= Fritz Schertel =

German cellist

Friedrich Schertel (13 February 1890 – 5 April 1945) was a German cello virtuoso.

== Life ==
Born in Schweinfurt, Schertel was the youngest son of the bank accountant and later State bank director Sigmund Schertel and his wife Marie Schertel, née Pfeiffer. After grammar school in Hof, he studied at the Ludwig-Maximilians-Universität München.

From 1909 to 1912, he studied music at the Hochschule für Musik und Theater München. In 1913/14, he received private cello lessons from Julius Klengel in Leipzig. From 1919 to 1921, he was a cellist in Henri Marteau's String Quartet. In 1921/22, he was a principal cellist with the Dresden Philharmonic. From 1922, he was a teacher at the University of Music and Theatre Leipzig. Among his pupils were Erich Hillmann and Hans Kral. In 1933, he also became a member of the Gewandhaus Orchestra in Leipzig. He was repeatedly invited to join the Bayreuth Festival Orchestra (1924/25, 1927/28, 1930/31, 1933/34, 1936–1944).

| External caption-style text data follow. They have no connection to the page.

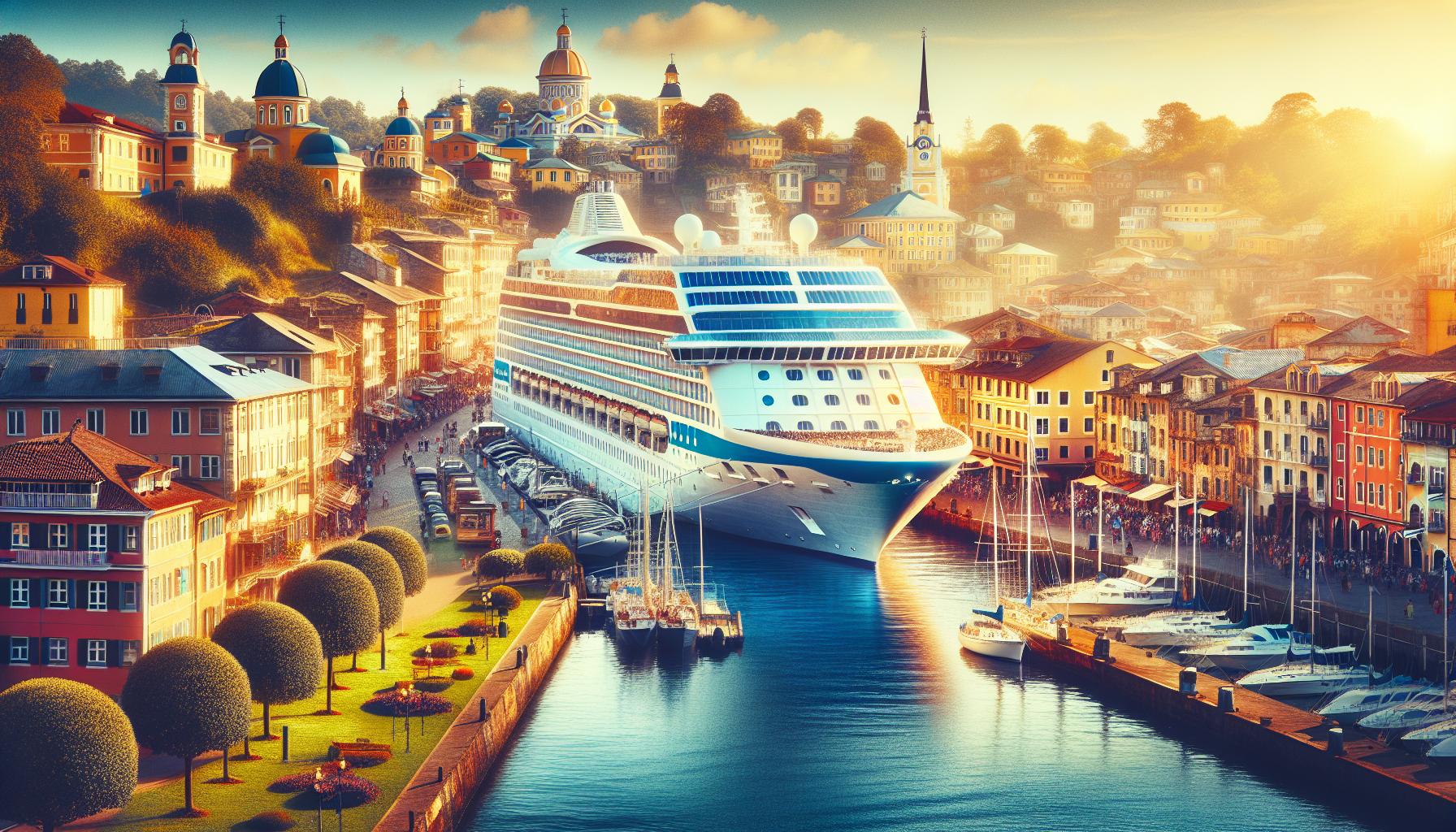 Cruise ⁤with‌ Carnival:​ Charleston, SC Departures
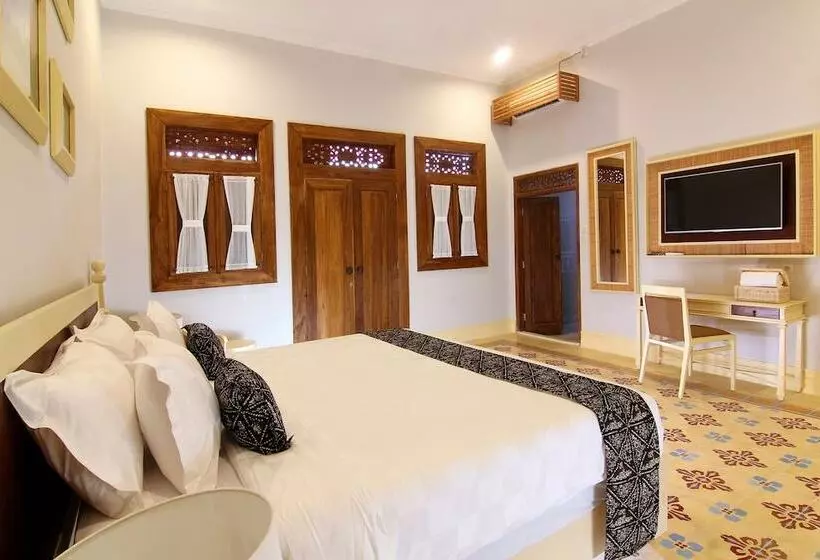 Fotos del hotel Java Villas Boutique Hotel & Resto:  3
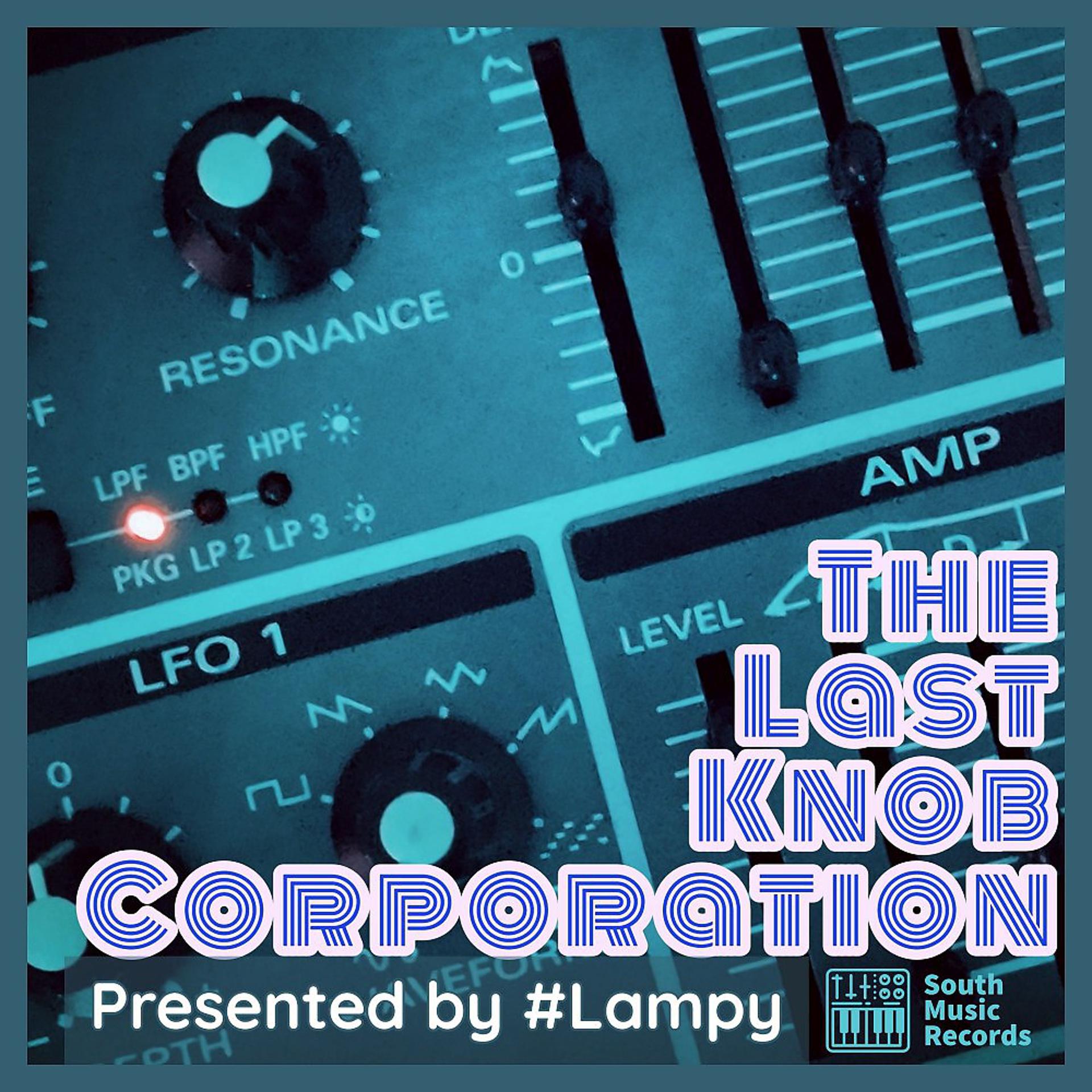 Постер альбома The Last Knob Corporation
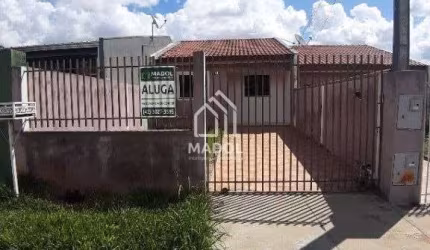 Casa à Venda em Neves, Ponta Grossa - PR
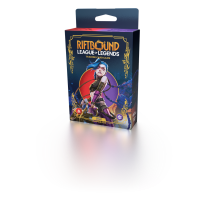 Riftbound - Set One Origins Champion Deck : Jinx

Schertel belonged to the string quartet of Walther Davisson. He was later a member of Hans Mlynarczyk's String Quartet (1923–1943) and the Arthur Bohnhardt's String Quartet (1938–1943) and of Fritz Weitzmann's Trio He also made solo appearances, bringing the Concerto for Violoncello and Orchestra by Fritz Reuter to its premiere in 1929 at the Mitteldeutsche Rundfunk AG under the conduct of Alfred Szendrei.

He was also a member of the Deutscher Tonkünstlerverband.

== Family ==
His brothers were Wilhelm Schertel (1883–1930), chemist and artist, and Ernst Schertel (1884–1958), writer and educator. A portrait sketch of the cellist made by Otto Pleß appeared in 1934 in an article on personalities of Leipzig musical life in the Zeitschrift für Musik. Schertel, a Catholic, was married to Magda Laier and the father of a son. During the air raid on Bayreuth in April 1945, the family perished. Schertel was 55.